Капитан получил из рук в руки паспорт в кожаной обложке, где еще не утвержденный, но милый сердцу герб с двуглавым орлом, скипетром и державой. Раскрыл, а в паспорт вложена валюта. И немецкие марки сверху. Стрыгин, осторожно закрывая корочки одной рукой, другой будто бы стал вытирать пот со лба, а паспорт, даже ничего в нем не прочитав и не рассмотрев толком, стал 5 класть в карман.

— Отдай-ка, — протянул руку Дерябин, и тут Стрыгин выстрелил ему в живот и, качнувшись влево, вправо, пригнувшись, побежал к подножке своего вагона. Машинист уже тронул состав. Автоматчики, прыгая по вагонам, падали на пол по ходу движения и, ожидая очередей фашистского десанта, который, несомненно, захватил станцию, готовились принять бой, возможно последний. Но уже разворачивался магический кристалл.

Дерябин лежал на спине, пуля уютно устроилась где-то там, внутри, снег прекратился, и ему было тепло и спокойно. Не было Таньки, не было Вальки, не было документа, удостоверяющего личность, и не было смешных бумажек, обещавших так много, но исчезнувших в кармане шинели его палача. Хорошо было Дерябину. Потому что никакого шефа тоже не было, а железнодорожный путь был совершенно пуст, насколько это можно было видеть».

— Рассказ про Ивана написал Дерябин.

— Ну, слава Богу. А вот…

— Больше я ничего не должен был сказать. Я работу сделал.

— Сделали, да поздно. Вы еще денег хотите?

— Уходи, Щапов. Видишь, елочка, паштет, водка. Ты водки выпей, проводи…

— Мне еще дел много надо сделать в этом году. Да и тебе тоже.

— Дерябин. Всё.

— Через месяц после твоего исчезновения Дерябин продал свою квартиру в Либаве, переехал в Пыталово, где занялся коммерцией. Еще через три месяца он был застрелен из пистолета «ТТ» при попытке проникнуть в военный эшелон. Дело военная прокуратура закрыла.

— Какие сейчас «ТТ». А что, нет Дерябушки?

— Где ты был, Ханов? Мы Дерябина высчитали через другой канал, но было поздно. Но самое интересное, что рассказ был написан задолго до смерти Дерябина.

— Что, серьезно? — Ханов расставил все как мог на столе и стал свинчивать колпачок «Смирновской».

— А самое серьезное то, что наш бункер в Айгюль подавлен.

— Я бункера не трогал.

— Где ты был?

— На том свете.

Щапов печально смотрел в предновогоднее окно. Ханов разливал, накладывал закуски на тарелочки, потом зажег гирлянду на елке.
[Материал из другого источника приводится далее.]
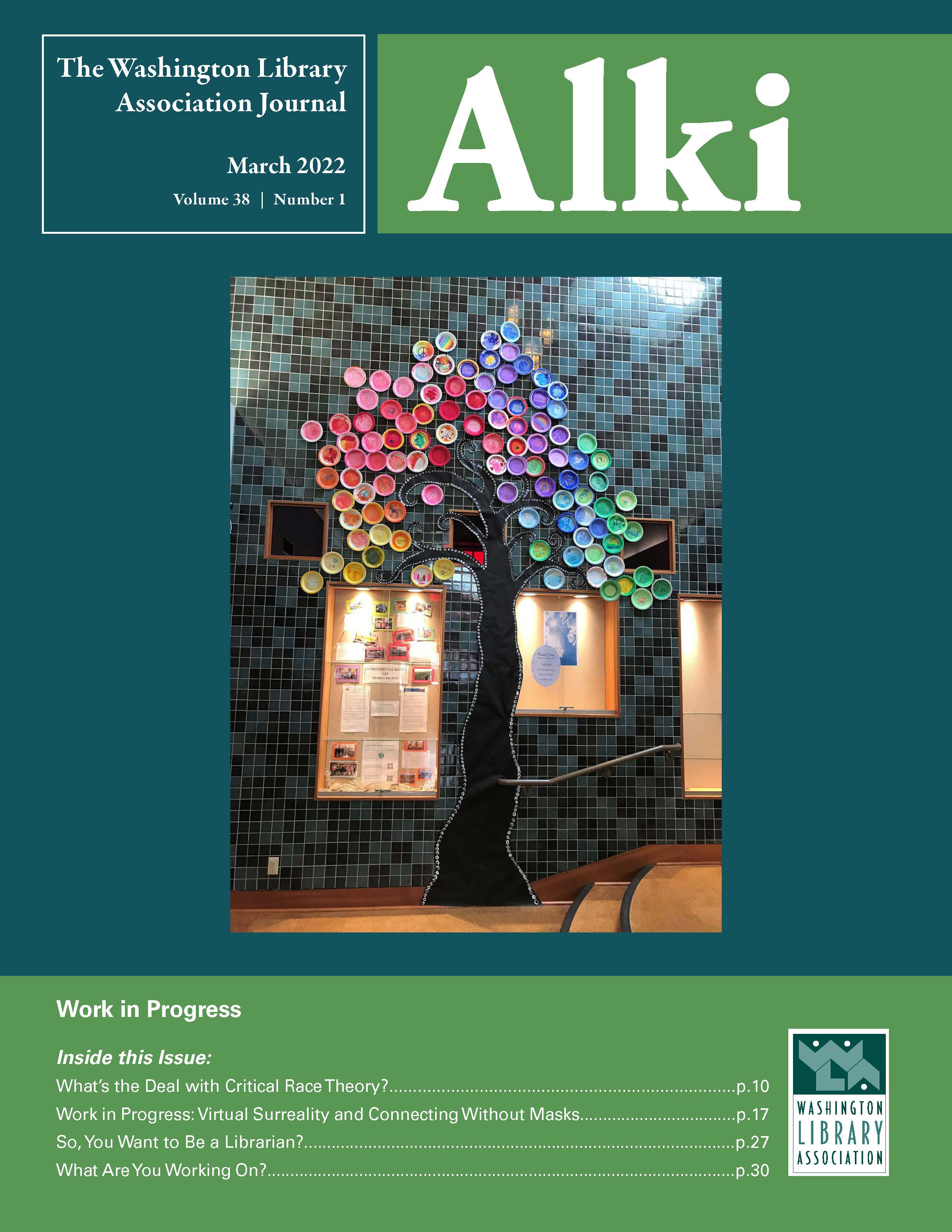 Cover image for March 2022 issue of Alki. The theme is Work in Progress and the cover image is a Peace Tree community art project where the leaves are colored paper plates. The colors for this issue are turquoise and green.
— Кто написал рассказ про исчезающий эшелон? Это очень важно, пойми. Я тебе еще денег дам. Это же опять кто-то из вашей бывшей компашки. Ты скажи, и все кончится. Я уйду. Ты только правду скажи. Иначе мы тебя, Ханов, убьем. Как пса удушим. На помойке гнить будешь.
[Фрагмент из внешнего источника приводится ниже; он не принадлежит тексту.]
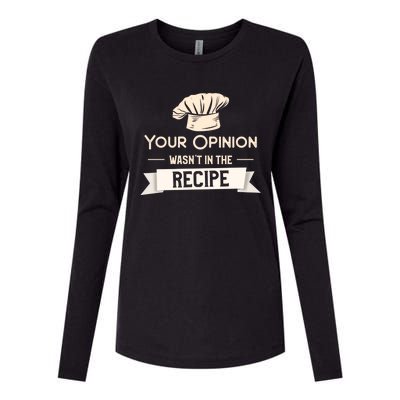 Your Opinion Wasn’t In The Recipe Gift For Cooking Chef Cool Gift Womens Cotton Relaxed Long Sleeve T-Shirt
— Давай помянем Дерябушку, Щапов.

— Кто убил?

— Не знаю. Я знаю, кто написал…

И Ханов сдал меня Семену Семеновичу, после чего тот ушел мгновенно, оставив пачку денег на столе и несильно хлопнув дверью.

Ханов пить не стал, а лег на диван, выключил радио, укрылся одеялом с головой и горько-горько заплакал, а потом уснул, а гирлянда на елочке все мигала. Красный, синий, желтый. Всю новогоднюю ночь шел дождь, что было противоестественно, как и небывалая жара прошедшим летом.